Oz prefers to stay indoors, tinkering with and fixing old cabinet video game systems. He is very good at what he does but business is not what it used to be and his boss Jerry has broken the bad news that he has to shut down the shop in a months time. Before Jerry heads out of town he encourages Oz to ring up the young woman Tess who came by the shop earlier looking for a video game for her brother.
Later an envelope arrives with an unmarked motherboard in it. Oz plugs it into an empty cabinet and a strange game, a combination of Astroids graphics and Tempest gameplay, pops up on screen. Oz is immediately drawn into the game and a strange relationship between man and machine begins.
Director and writer Graham Skipper is an actor first, appearing in standouts from the American indie horror scene like Almost Human and The Mind's Eye. He jumps behind the camera for a second time with his sophomore feature film Sequence Break. What he presents to us is allegorical and as near a personal tale as he could make of the dangers of living in the past, caught in the lures of nostalgia, when opportunity sits there in front of you. It is a central theme that may speak to any of us, about discovering and taking those opportunities to kickstart your life or find something to do that you love.

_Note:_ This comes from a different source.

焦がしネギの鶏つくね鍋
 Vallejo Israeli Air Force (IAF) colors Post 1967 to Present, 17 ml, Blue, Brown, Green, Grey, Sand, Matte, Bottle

Sequence Break follows an extreme take on that theme as it takes something grotesque and monstrous to open Oz's eyes to new opportunities.
There are two key relationships in Sequence Break. The relationship between Oz and Tess is portrayed respectfully; through simple things like whenever they're in bed they're always clothed. There is nothing exploitative about their relationship and their interactions come across as genuine. The relationship does scare Chase Williamson's Oz, because this is something new, something out of his comfort zone, hence his scary visions. But this is all accomplished because Skipper himself is an actor first so he knows how to get a honest portrayal of a budding yet stumbling relationship out of Williamson and Fabian Therese. Skipper will be an actor's director.
On the other hand Oz's relationship with the game and the machine is a relationship that is meant to be, in Skipper's own words to me, a "more pornographic, exploitative one". Ectoplasm grows in the machine. The motherboard undulates and pulsates as Oz reaches higher and higher levels. As he mentally delves deeper into the game he physically engages with the cabinet, deeper and unsettlingly deeper. The games and the cabinet are the physical manifestation of the mental traps that Oz has found himself in.
No irony is lost in Sequence Break's nostalgic esthetique. The film stands out for its use of color, which Skipper drew influence from the works directors like Stuart Gordon and Dario Argento. Of course the link of the body horror elements in the film to David Cronenberg and films from his canon like Videodrome and Existenz is unmistakable, though Skipper again does credit Gordon for the slime factor, from his film From Beyond. Lovers of the old school practical effects have no shortage of great, gooey scenes to squirm to in Skipper's film. And to his credit, in light of the nostalgia wary plot line, the majority of those effects are done the old school way, in camera.
Sequence Break is an allegorical tale, speaking to Skipper's audience much as the story was about himself as well. The opportunity presented itself for Skipper to direct another film and tell another story and he took that opportunity, and rocked it.
Likewise, Oz can no longer live in the past. If he can break the sequence in the game, he has broken free from what is tying him down, holding him back from achieving his dreams. Oz can still appreciate what came before him, what inspires him to rebuild these cabinet arcade games to the recent glory. But if he never looks ahead he will miss what it is front of him, building his own game and the affection of Tess.
(Sequence Break is now available exclusively on streaming service Shudder, has been since May 27th. We just got caught up in this new game and... time got away from us. You know how that is.)